Choki Wangmo 

Bhutan ranked 129th out of 189 countries in the United Nations Development Programme’s (UNDP) Human Development Index (HDI), according to the human development report 2020 launched virtually yesterday.

It is an improvement of five positions from the previous year, where Bhutan was ranked 134.

The HDI value for 2019 is 0.654, ranked 10th among 37 countries in the medium human development category in which neighbouring countries like India, Bangladesh, Nepal, and Pakistan also fall.

However, the country’s Planetary pressures adjusted Human Development Index (PHDI) is 4.6 percent less than HDI. The difference is slightly higher than that of South Asia but less than average of developing countries.

PHDI is a new experimental index on human progress that takes into account countries’ carbon dioxide emissions and material footprint. It provides a guiding metric towards advancing human development while easing planetary pressures. As the pressures on the planet increases, the PHDI value falls below HDI.

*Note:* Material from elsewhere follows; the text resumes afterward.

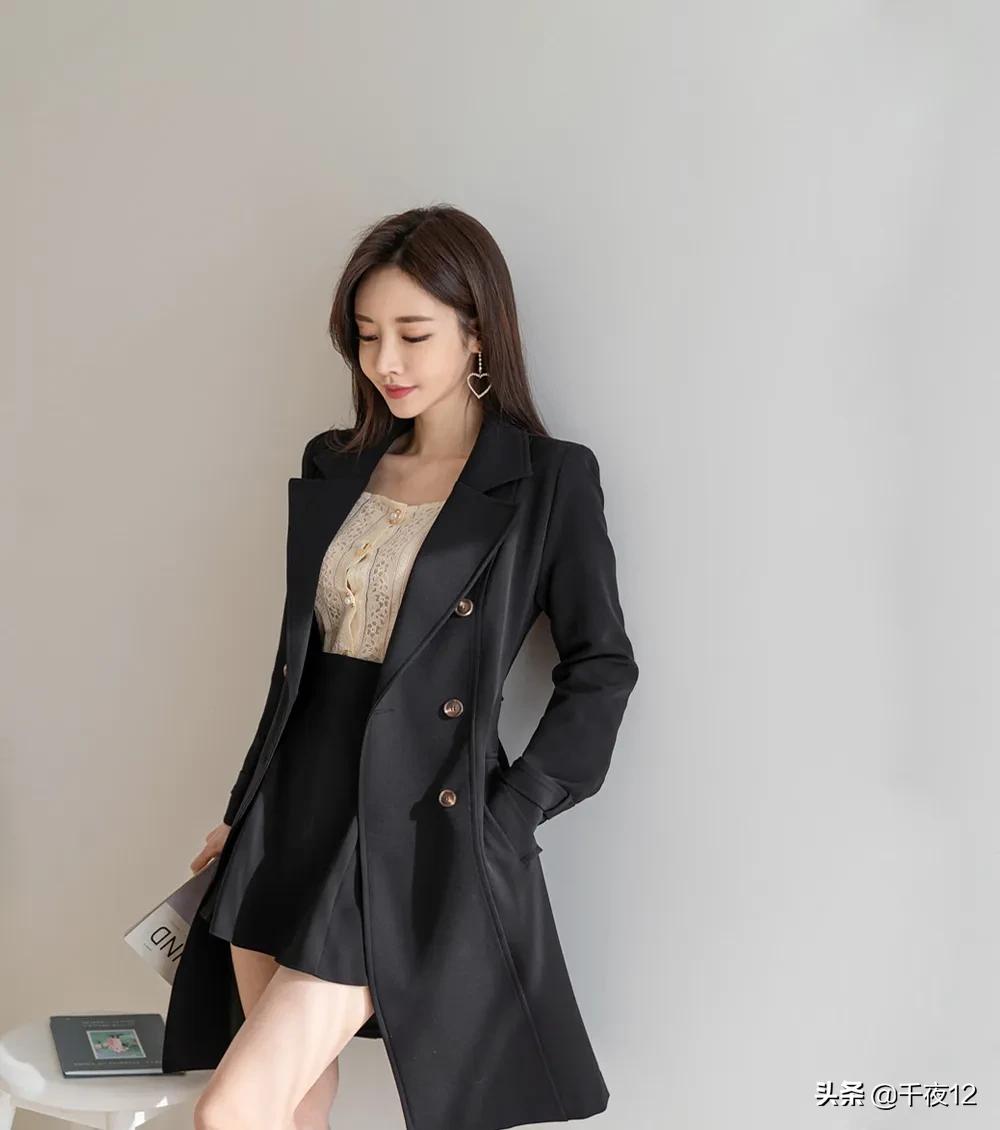 Sun Yunzhu, the Korean goddess, wears a low-cut corset and pleated ...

“The next frontier for human development will require working with and not against nature, while transforming social norms, values, and government and financial incentives,” the report argues.

For example, new estimates project that by 2100 the poorest countries in the world could experience up to 100 more days of extreme weather due to climate change each year which could be reduced to 50 days if the Paris Agreement on climate change is fully implemented.

Titled, ‘The Next Frontier: Human Development and the Anthropocene’, the report lays out a stark choice for world leaders to take bold steps to reduce the immense pressure that is being exerted on the environment and the natural world, or humanity’s progress will stall. It calls for reimagining of the human development journey.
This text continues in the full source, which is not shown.